Et pourtant… Pourtant, au lendemain de l’entre-deux tours, un proche parmi les proches d’Emmanuel Macron confiait : « Si on n’a pas une nouvelle vague du coronavirus, je crois que le président sera tranquillement réélu » – oui, il disait « tranquillement ». Or depuis François Mitterrand surfant sur la cohabitation en 1988, tous les présidents sortants qui se sont représentés (le dernier n’y est même pas parvenu) ont réalisé cette année-là au premier tour un moins bon score que la fois où ils ont été élus. Or les régionales 2021 n’annoncent peut-être pas la présidentielle 2022 (même si le chef de l’Etat se consolera sans doute en voyant que tous les présidents sortants ont été reconduits !) mais… ne laissent en aucun cas augurer le meilleur pour LREM aux législatives. « Aujourd’hui, si Emmanuel Macron est le meilleur sur le marché, il n’est pas en situation de remporter la majorité à l’Assemblée nationale », constate un ancien Premier ministre.

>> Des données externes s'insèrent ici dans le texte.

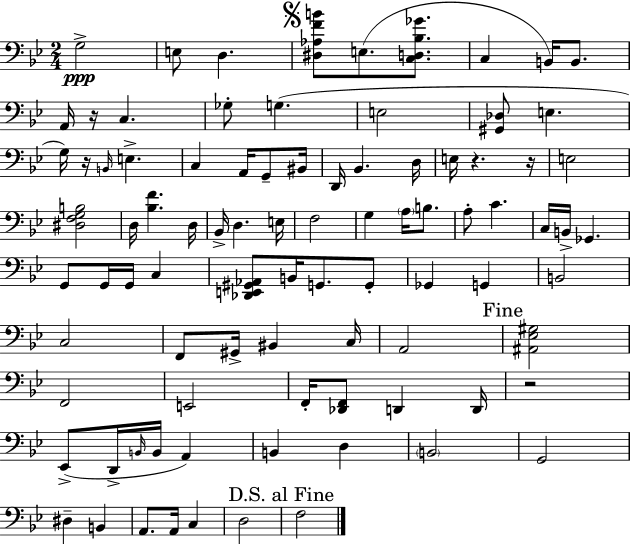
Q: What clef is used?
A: bass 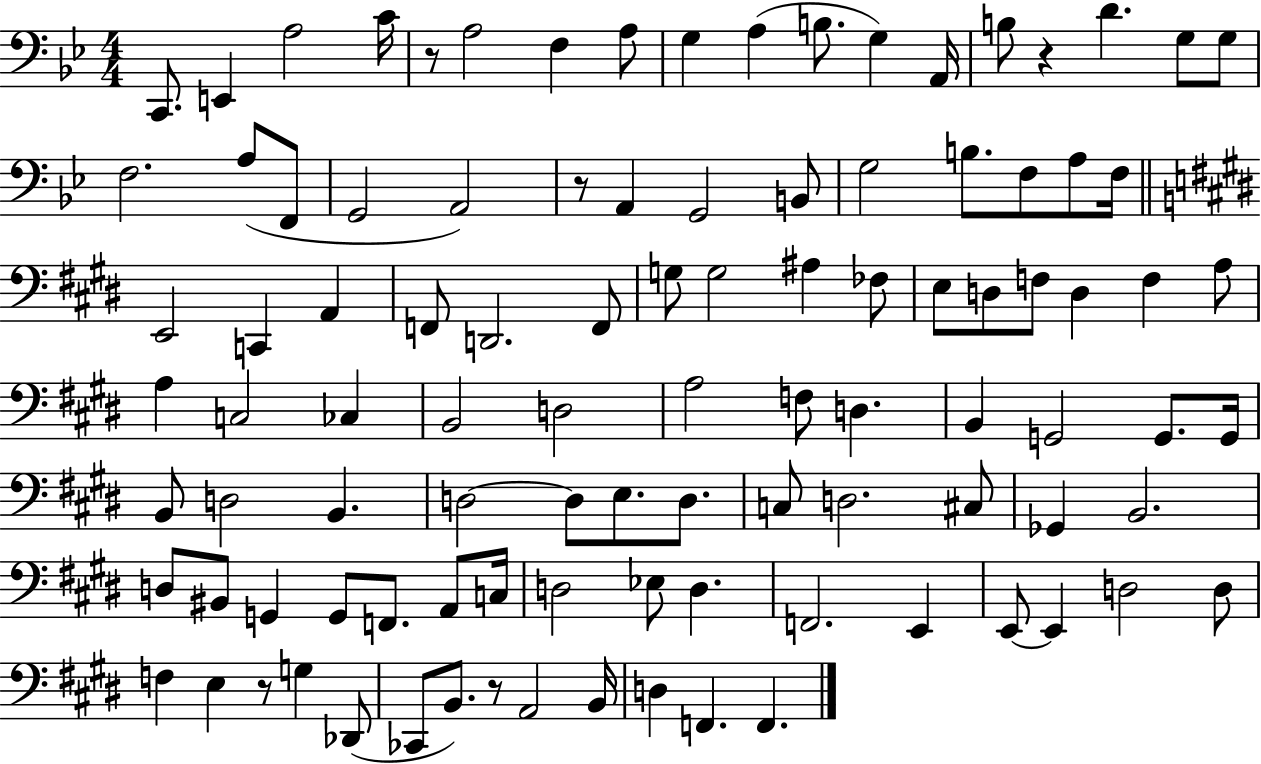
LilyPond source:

{
  \clef bass
  \numericTimeSignature
  \time 4/4
  \key bes \major
  c,8. e,4 a2 c'16 | r8 a2 f4 a8 | g4 a4( b8. g4) a,16 | b8 r4 d'4. g8 g8 | \break f2. a8( f,8 | g,2 a,2) | r8 a,4 g,2 b,8 | g2 b8. f8 a8 f16 | \break \bar "||" \break \key e \major e,2 c,4 a,4 | f,8 d,2. f,8 | g8 g2 ais4 fes8 | e8 d8 f8 d4 f4 a8 | \break a4 c2 ces4 | b,2 d2 | a2 f8 d4. | b,4 g,2 g,8. g,16 | \break b,8 d2 b,4. | d2~~ d8 e8. d8. | c8 d2. cis8 | ges,4 b,2. | \break d8 bis,8 g,4 g,8 f,8. a,8 c16 | d2 ees8 d4. | f,2. e,4 | e,8~~ e,4 d2 d8 | \break f4 e4 r8 g4 des,8( | ces,8 b,8.) r8 a,2 b,16 | d4 f,4. f,4. | \bar "|."
} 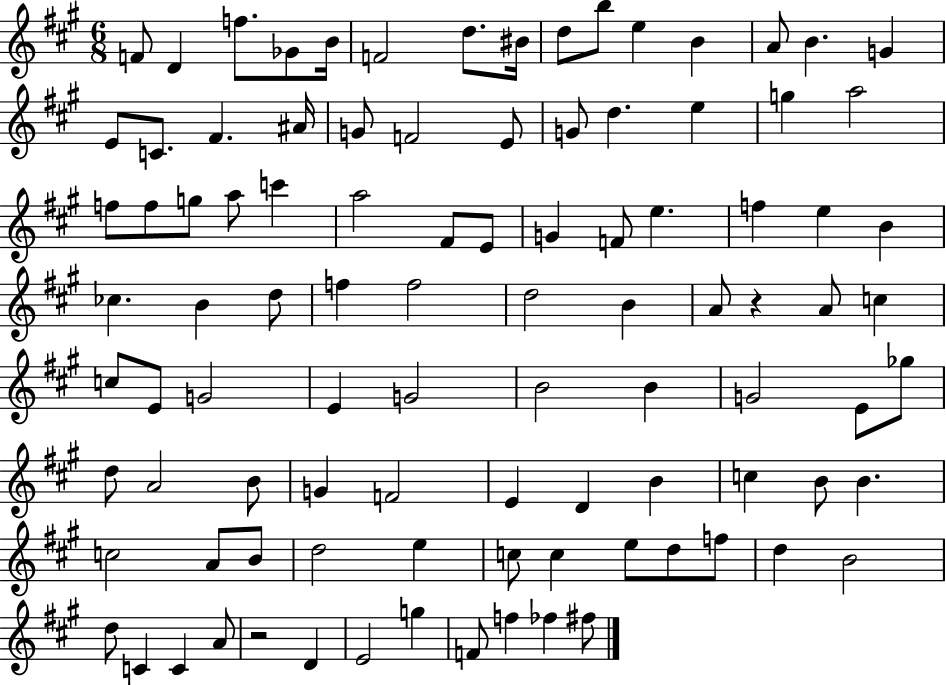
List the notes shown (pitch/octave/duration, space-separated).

F4/e D4/q F5/e. Gb4/e B4/s F4/h D5/e. BIS4/s D5/e B5/e E5/q B4/q A4/e B4/q. G4/q E4/e C4/e. F#4/q. A#4/s G4/e F4/h E4/e G4/e D5/q. E5/q G5/q A5/h F5/e F5/e G5/e A5/e C6/q A5/h F#4/e E4/e G4/q F4/e E5/q. F5/q E5/q B4/q CES5/q. B4/q D5/e F5/q F5/h D5/h B4/q A4/e R/q A4/e C5/q C5/e E4/e G4/h E4/q G4/h B4/h B4/q G4/h E4/e Gb5/e D5/e A4/h B4/e G4/q F4/h E4/q D4/q B4/q C5/q B4/e B4/q. C5/h A4/e B4/e D5/h E5/q C5/e C5/q E5/e D5/e F5/e D5/q B4/h D5/e C4/q C4/q A4/e R/h D4/q E4/h G5/q F4/e F5/q FES5/q F#5/e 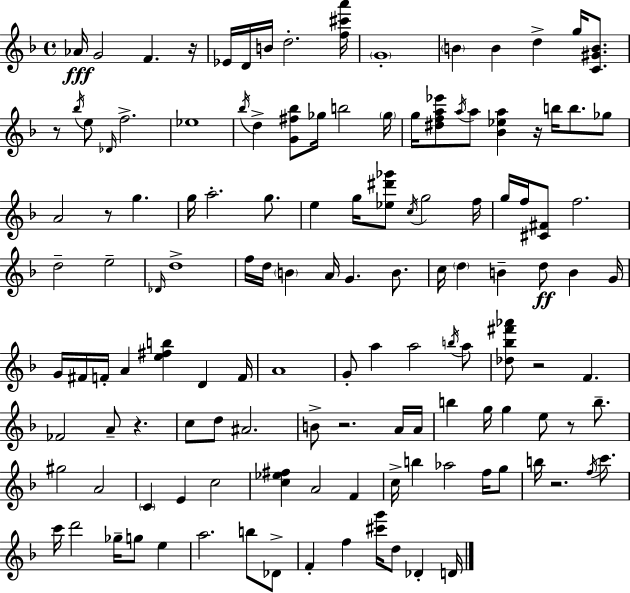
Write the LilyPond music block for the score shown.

{
  \clef treble
  \time 4/4
  \defaultTimeSignature
  \key f \major
  aes'16\fff g'2 f'4. r16 | ees'16 d'16 b'16 d''2.-. <f'' cis''' a'''>16 | \parenthesize g'1-. | \parenthesize b'4 b'4 d''4-> g''16 <c' gis' b'>8. | \break r8 \acciaccatura { bes''16 } e''8 \grace { des'16 } f''2.-> | ees''1 | \acciaccatura { bes''16 } d''4-> <g' fis'' bes''>8 ges''16 b''2 | \parenthesize ges''16 g''16 <dis'' f'' a'' ees'''>8 \acciaccatura { a''16 } a''8 <bes' ees'' a''>4 r16 b''16 b''8. | \break ges''8 a'2 r8 g''4. | g''16 a''2.-. | g''8. e''4 g''16 <ees'' dis''' ges'''>8 \acciaccatura { c''16 } g''2 | f''16 g''16 f''16 <cis' fis'>8 f''2. | \break d''2-- e''2-- | \grace { des'16 } d''1-> | f''16 d''16 \parenthesize b'4 a'16 g'4. | b'8. c''16 \parenthesize d''4 b'4-- d''8\ff | \break b'4 g'16 g'16 fis'16 f'16-. a'4 <e'' fis'' b''>4 | d'4 f'16 a'1 | g'8-. a''4 a''2 | \acciaccatura { b''16 } a''8 <des'' bes'' fis''' aes'''>8 r2 | \break f'4. fes'2 a'8-- | r4. c''8 d''8 ais'2. | b'8-> r2. | a'16 a'16 b''4 g''16 g''4 | \break e''8 r8 b''8.-- gis''2 a'2 | \parenthesize c'4 e'4 c''2 | <c'' ees'' fis''>4 a'2 | f'4 c''16-> b''4 aes''2 | \break f''16 g''8 b''16 r2. | \acciaccatura { f''16 } c'''8. c'''16 d'''2 | ges''16-- g''8 e''4 a''2. | b''8 des'8-> f'4-. f''4 | \break <cis''' g'''>16 d''8 des'4-. d'16 \bar "|."
} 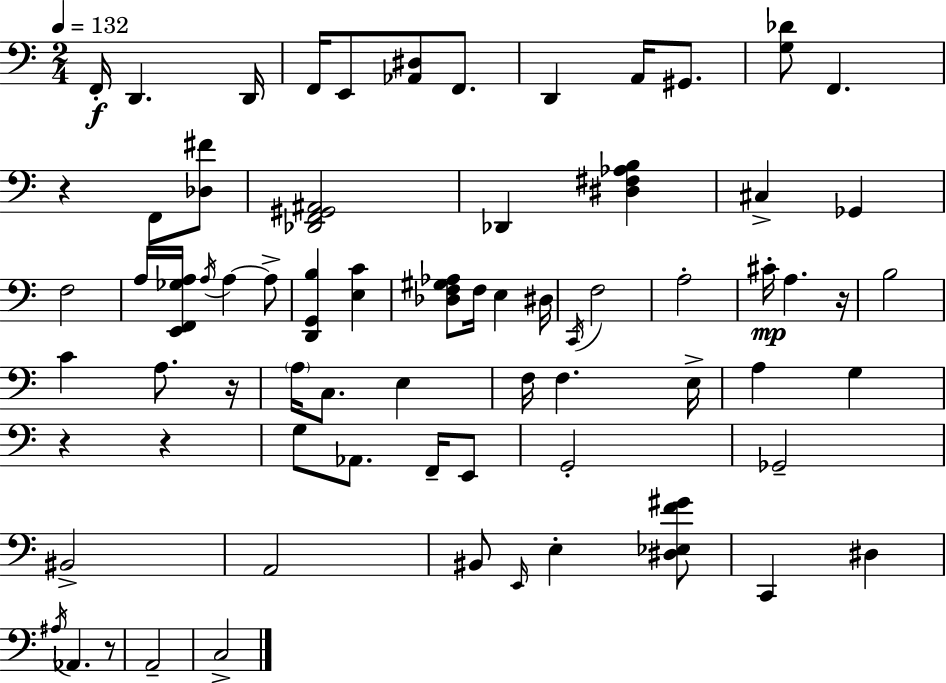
X:1
T:Untitled
M:2/4
L:1/4
K:C
F,,/4 D,, D,,/4 F,,/4 E,,/2 [_A,,^D,]/2 F,,/2 D,, A,,/4 ^G,,/2 [G,_D]/2 F,, z F,,/2 [_D,^F]/2 [_D,,F,,^G,,^A,,]2 _D,, [^D,^F,_A,B,] ^C, _G,, F,2 A,/4 [E,,F,,_G,A,]/4 A,/4 A, A,/2 [D,,G,,B,] [E,C] [_D,F,^G,_A,]/2 F,/4 E, ^D,/4 C,,/4 F,2 A,2 ^C/4 A, z/4 B,2 C A,/2 z/4 A,/4 C,/2 E, F,/4 F, E,/4 A, G, z z G,/2 _A,,/2 F,,/4 E,,/2 G,,2 _G,,2 ^B,,2 A,,2 ^B,,/2 E,,/4 E, [^D,_E,F^G]/2 C,, ^D, ^A,/4 _A,, z/2 A,,2 C,2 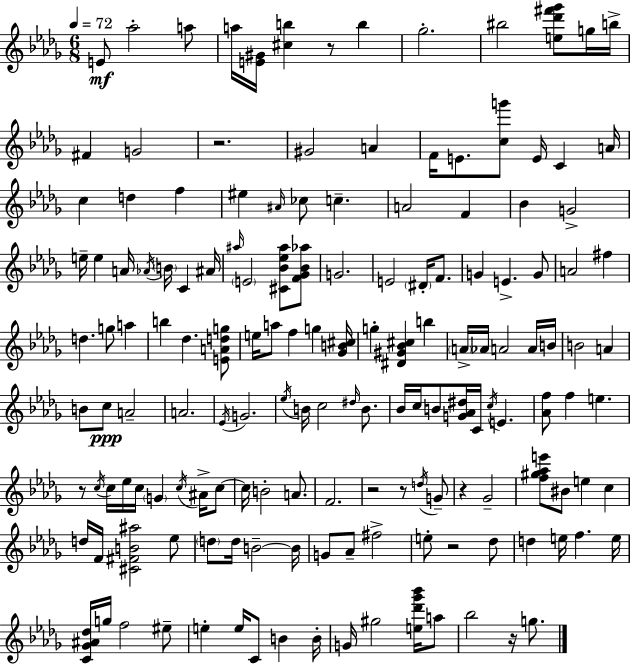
E4/e Ab5/h A5/e A5/s [E4,G#4]/s [C#5,B5]/q R/e B5/q Gb5/h. BIS5/h [E5,Db6,F#6,Gb6]/e G5/s B5/s F#4/q G4/h R/h. G#4/h A4/q F4/s E4/e. [C5,G6]/e E4/s C4/q A4/s C5/q D5/q F5/q EIS5/q A#4/s CES5/e C5/q. A4/h F4/q Bb4/q G4/h E5/s E5/q A4/s Ab4/s B4/s C4/q A#4/s A#5/s E4/h [C#4,Bb4,Eb5,A#5]/e [F4,Gb4,Bb4,Ab5]/e G4/h. E4/h D#4/s F4/e. G4/q E4/q. G4/e A4/h F#5/q D5/q. G5/e A5/q B5/q Db5/q. [E4,A4,D5,G5]/e E5/s A5/e F5/q G5/q [Gb4,B4,C#5]/s G5/q [D#4,G#4,Bb4,C#5]/q B5/q A4/s Ab4/s A4/h A4/s B4/s B4/h A4/q B4/e C5/e A4/h A4/h. Eb4/s G4/h. Eb5/s B4/s C5/h D#5/s B4/e. Bb4/s C5/s B4/e [G4,Ab4,D#5]/s C4/s C5/s E4/q. [Ab4,F5]/e F5/q E5/q. R/e C5/s C5/s Eb5/s C5/s G4/q C5/s A#4/s C5/e C5/s B4/h A4/e. F4/h. R/h R/e D5/s G4/e R/q Gb4/h [F5,G#5,Ab5,E6]/e BIS4/e E5/q C5/q D5/s F4/s [C#4,F#4,B4,A#5]/h Eb5/e D5/e D5/s B4/h B4/s G4/e Ab4/e F#5/h E5/e R/h Db5/e D5/q E5/s F5/q. E5/s [C4,Gb4,A#4,Db5]/s G5/s F5/h EIS5/e E5/q E5/s C4/e B4/q B4/s G4/s G#5/h [E5,Db6,Gb6,Bb6]/s A5/e Bb5/h R/s G5/e.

Le 11 juillet 1987, en pleine crise entre la France et L’Iran, François Mitterrand réunit à Latche, dans le plus grand secret, ses fidèles. Il n’a pas encore annoncé sa candidature, loin de là, mais le moment est venu pour lui de prendre des décisions, de s’organiser : une campagne ne s’improvise pas. C’est dès ce moment-là que Mitterrand demande au premier secrétaire du PS, Lionel Jospin, d’entrer en contact avec ses proches pour réfléchir aux affiches ainsi qu’au calendrier des meetings.
Comme à l’époque, nous sommes à dix mois de l’élection présidentielle. Plusieurs soutiens d’Emmanuel Macron, à l’image de François Bayrou ou de Richard Ferrand, le pressent d’ordonner les choses pour ne pas se laisser ballotter. Mais quand on lui parle de s’organiser, le président a l’impression qu’on lui vole sa liberté. On lui propose un cadre, il perçoit un carcan. Son exercice solitaire du pouvoir devient un problème dans une France qui n’attend plus grand-chose d’un Deus ex machina. Déjà son impatience, compréhensible à défaut d’être prédictive, à en avoir fini avec la pandémie l’avait conduit à changer de Premier ministre en juillet 2020 pour tourner la page. Le temps presse, il lui reste peu de cartes à jouer. « Se réinventer », avait-il dit.